Can anything prevent this from happening? The uncertainties in British politics are the main barrier. Investment will not be whole-hearted until the clouds of Brexit clear. The prospect of a Labour government, which was responsible for rent control before, is a worry. The policy issues over the provision of affordable homes in a BtR context need resolution.

Authorities are asking Build-to-Rent developers to provide a proportion of homes for affordable rents, yet some are not prepared to let these developers operate the units as they are not registered social landlords (RSLs). It makes no sense for managed buildings to be broken up by assigning management to separate bodies. In New York, their approach to ‘affordables’ has evolved into allocation of subsidised units, which are not distinguished in any way, by lottery to screened families on the waiting list. Building management is unified as part of a tenure-blind approach, with no ‘poor door’ allowed to the affordable element.
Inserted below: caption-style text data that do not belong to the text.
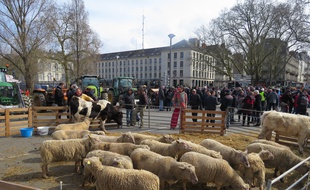 Des zadistes ont manifesté ce lundi midi à Nantes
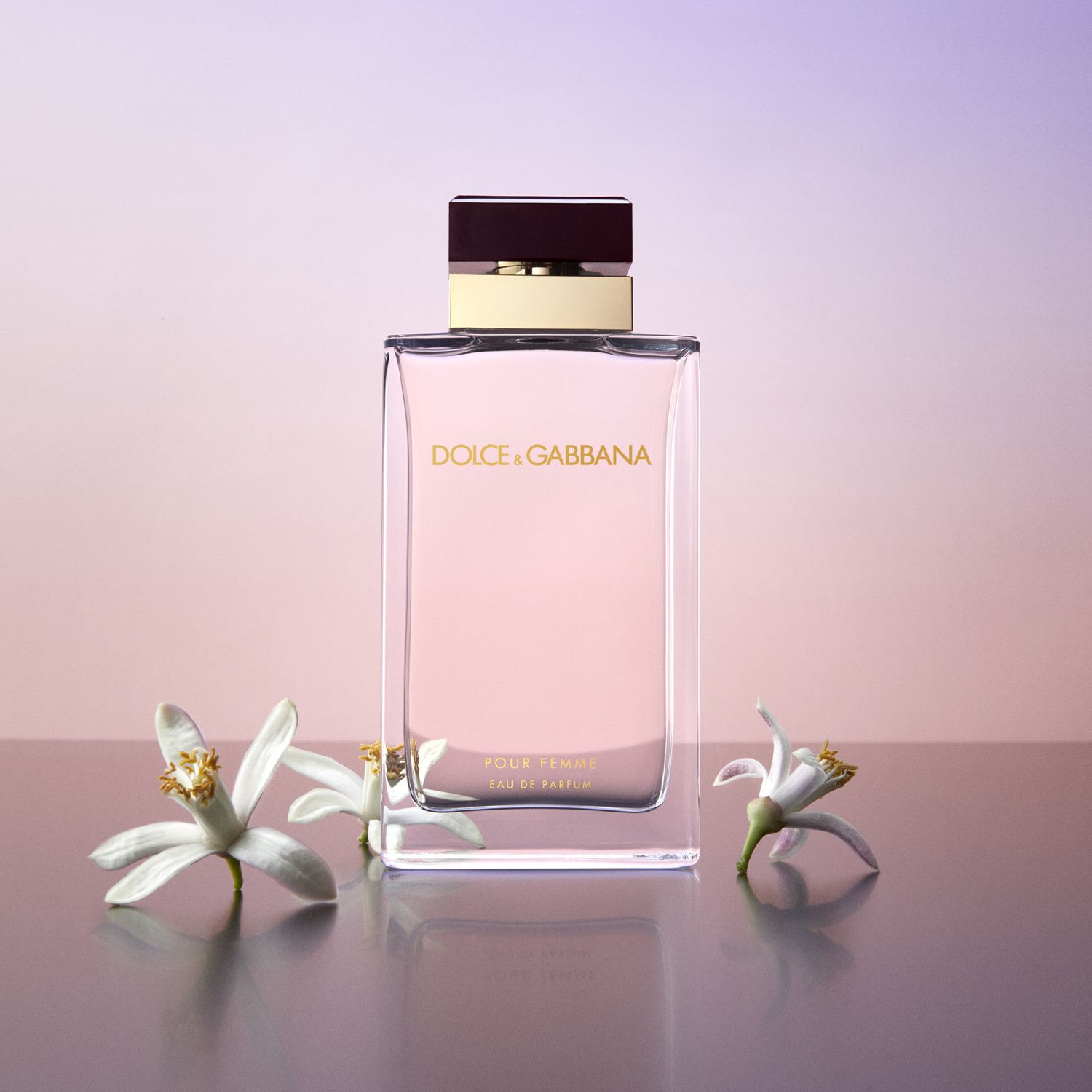 Dolce&Gabbana Pour Femme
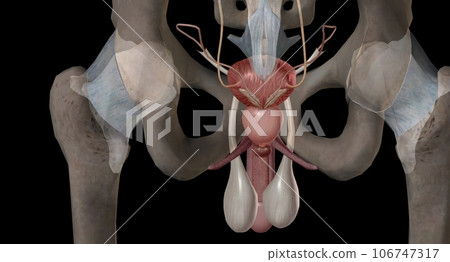 The male urethra connects the urinary bladder to the penis. The male urethra connects the urinary bladder to the penis. 106747317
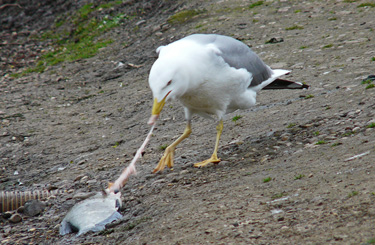 Yellow-legged Gull acquiring and feeding on fish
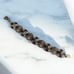 Vintage Scottish miracle bracelet with inlaid agate stoned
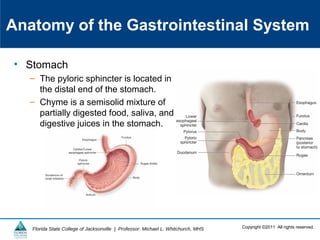 Copyright ©2011 All rights reserved.Florida State College of Jacksonville | Professor: Michael L. Whitchurch, MHS
Anatomy of the Gastrointestinal System
• Stomach
– The pyloric sphincter is located in
the distal end of the stomach.
– Chyme is a semisolid mixture of
partially digested food, saliva, and
digestive juices in the stomach.
 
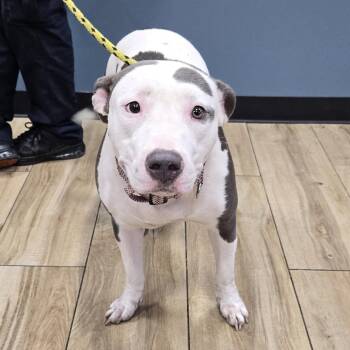 Pit Bull Terrier Dogs Available for Adoption in Newark, New Jersey - Rasheedah | PetCurious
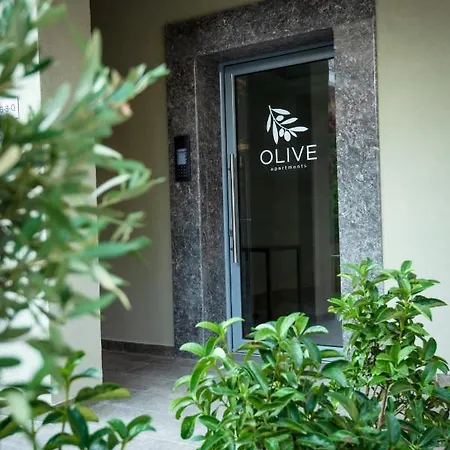 Olive 302 Appartement Peraía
There is, of course, no reason why Housing Associations (RSLs) could not become major players in BtR themselves. Some have already set off on this route.

One concern remains, over the longer-term implications of a large private rented sector. If many people are to be tenants all their lives, what happens to them when they retire or become unable to work and can’t pay the market rent on what has become their home? Pensions in the UK are poor by EU standards.

A high proportion of the British today are still owners and can use the equity in their homes to support their retirement or care needs by downsizing, selling up, renting out or borrowing against their home value. As the proportion of owners falls, these choices evaporate. They must downsize, relocate away from friends and family or apply for subsidised housing at a vulnerable point in their lives. The market for retirement homes is also a huge one, given the demographic situation and the need to release family homes to those with children. Perhaps the Build-to-Rent companies will enter this market too, at price points suited to pensioners and with care available. Co-living facilities may be part of the answer, averting loneliness but also the care-home atmosphere.

As we move further into the twenty-first century, the changing shape of our cities alters the context for housing. Denser development, but with fewer owned cars and more transport options, will be quieter and cleaner as electric drive takes over. Climate and social challenges will still abound. Well managed, well-built and well-maintained housing stock will be a huge asset. Build to Rent will prove a very valuable service to the nation.